As if the waters surrounding Saudi Aramco’s listing wasn’t muddied enough, the Kingdom’s very own bourse has now proclaimed its ambitions to become the only exchange where the company’s shares will be listed.

Tadawul’s boss, Khalid al-Hussan, told the Financial Times yesterday that the bourse will push for an exclusive domestic listing of the oil giant’s stock, instead of the planned global listing including at least two exchanges.

Al-Hussan said that the exchange is doing everything it can to get the exclusive listing because it would, he said, put Tadawul on the global stock exchange stage. The chief executive also said he did not mind a private share placing along with the Tadawul listing.

The news comes soon after reports emerged—in the FT first—that Aramco was considering a cancellation of the international IPO. The Saudi company rejected the report, reiterating that the listing was on track as initially planned for the second half of 2018. But doubts linger and the controversy intensifies around the preferred international exchange for the Aramco listing: LSE.

After the UK financial markets watchdog came under fire earlier this year for proposing a change in LSE listing rules to make way for the Saudi energy giant, its boss admitted he had held talks with Aramco representatives prior to the proposal for changes.

LSE’s chief executive insisted that the proposed changes had nothing to do with Aramco specifically, as there was no rule for a minimum 25-percent float for the premium segment of the bourse, which Aramco is eyeing. Yet this would hardly be enough to convince investors that it’s safe to invest in a state-owned company whose majority shareholder would have very extensive decision-making powers at the expense of minority stakeholders.

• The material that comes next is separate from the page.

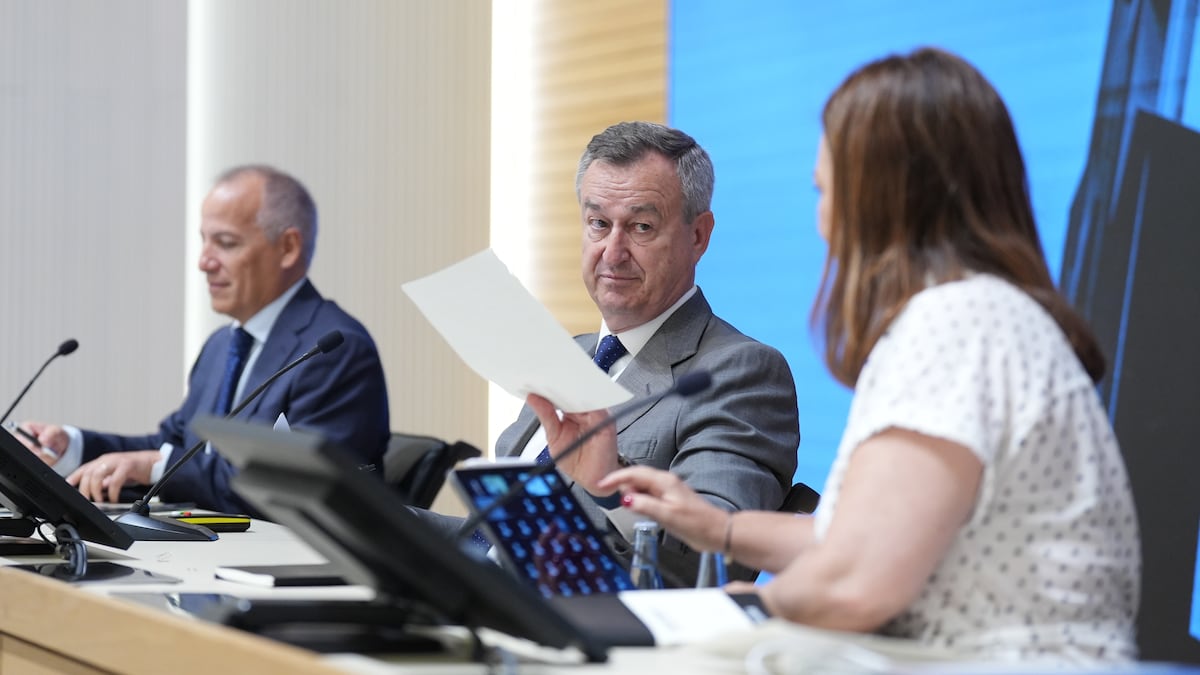 La brecha de la cotización del Sabadell respecto a la oferta del BBVA sube  a un récord del 11,29% | Mercados Financieros | Cinco Días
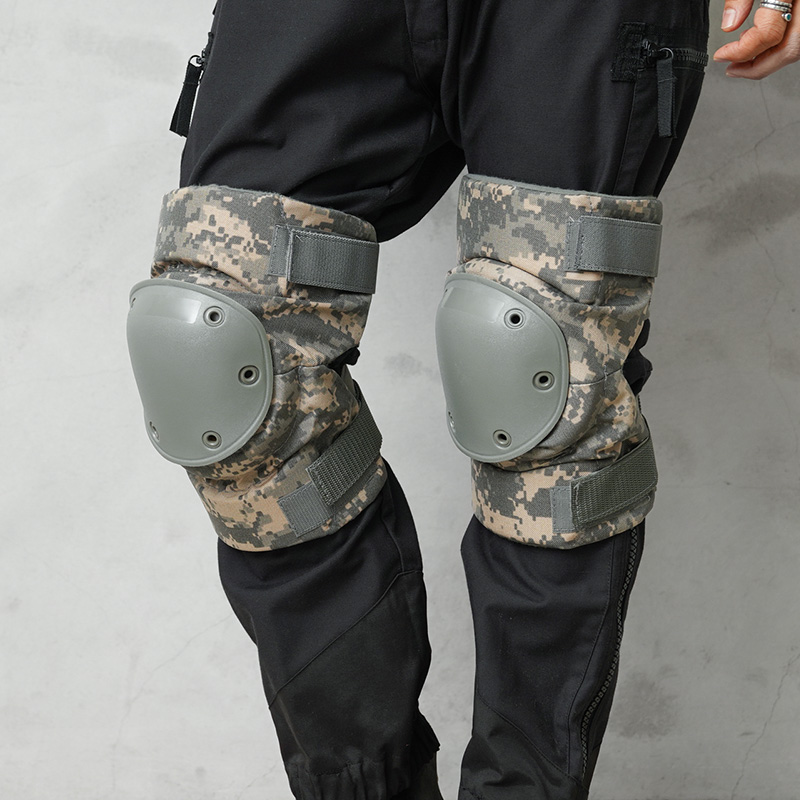 実物 新品 デッドストック 米軍 ニーパッド ACU（UCP）【クーポン対象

Related: Saudi Arabia To Move Beyond Oil And Islam

The latest chapter in the saga aired last week, when it emerged that Aramco had asked FTI Consulting to suspend investor relations work on its upcoming initial public offering, according to unnamed sources who spoke to Reuters. The sources did not elaborate on the reasons the Saudi state energy company nixed the work, but one of them suggested that it could extend the responsibilities of another advisory firm, Brunswick.

Yesterday, Aramco’s chief executive said that the company is considering LSE, NYSE, the Tokyo Stock Exchange, and the Hong Kong bourse for the international leg of its listing, without going into detail. “All detailed information is currently being reviewed by our shareholder and in due course a decision will be made about the listing venue,” Amir Nasser said.